I'd say the top horse is a dappled dun/buckskin and the bottom horse a bay roan. Both lovely looking horses!


----------



## haviris (Sep 16, 2009)

LoveHipHop said:


> I'd say the top horse is a dappled dun/buckskin and the bottom horse a bay roan. Both lovely looking horses!


Dun and buckskin are two very different colors, I agree w/ the first poster, sooty buckskin and bay roan.


----------



## smrobs (Jul 30, 2008)

I will agree with NDAppy. I am still partially unclear on the line between brownskin and buckskin, but I think the deciding factor is that she's colored like a brown horse (with the lighter patches behind her elbows, on her flanks, and on her thighs), plus, she's just darker than your typical sooty buckskin. She is certainly stunning, either way.

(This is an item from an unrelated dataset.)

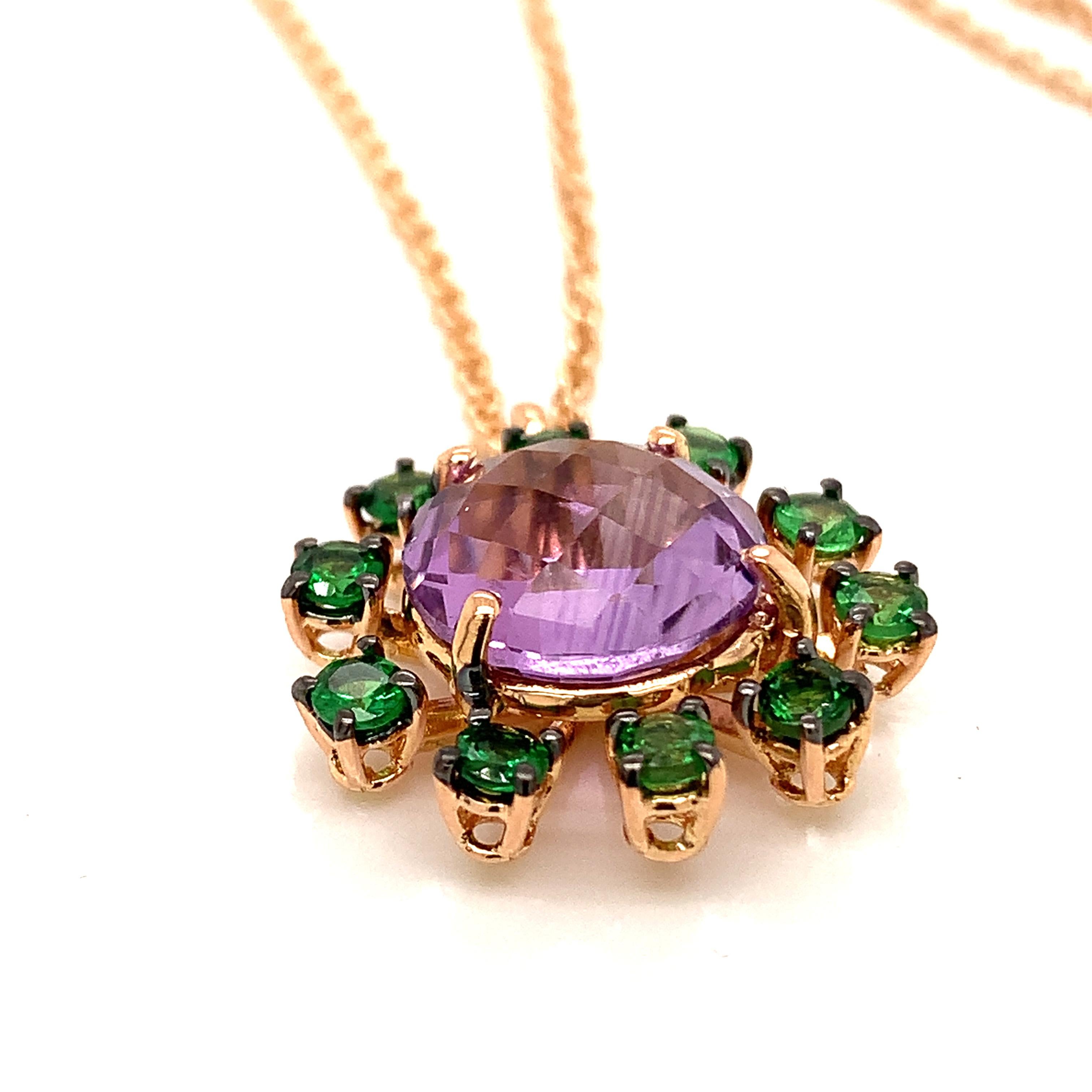 Garavelli pendant with chain , in rose gold 18 kt with Amethyst and Tzavorite - made in Italy
 The total chain lenght is 44 cm / inches 17  with a loop at 40 cm /15.5 inches
18kt GOLD grs : 6.30
Round multifaceted natural amethyst ct 3.10 diameter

As for the stud, no doubt at all about the bay roan. Some roan horses get those very defined stripes on their ribcage. I'm not sure what causes it.


----------



## AnnaHalford (Mar 26, 2012)

Thanks for your input! It's nice to be able to put a name to that colour which is more precise than "sort of brownish, with dapples, and a bit goldeny", which is what I've managed so far. 
The sooty brownskin/buckskin is Luna, and the bay roan is Canelo.


----------



## Cat (Jul 26, 2008)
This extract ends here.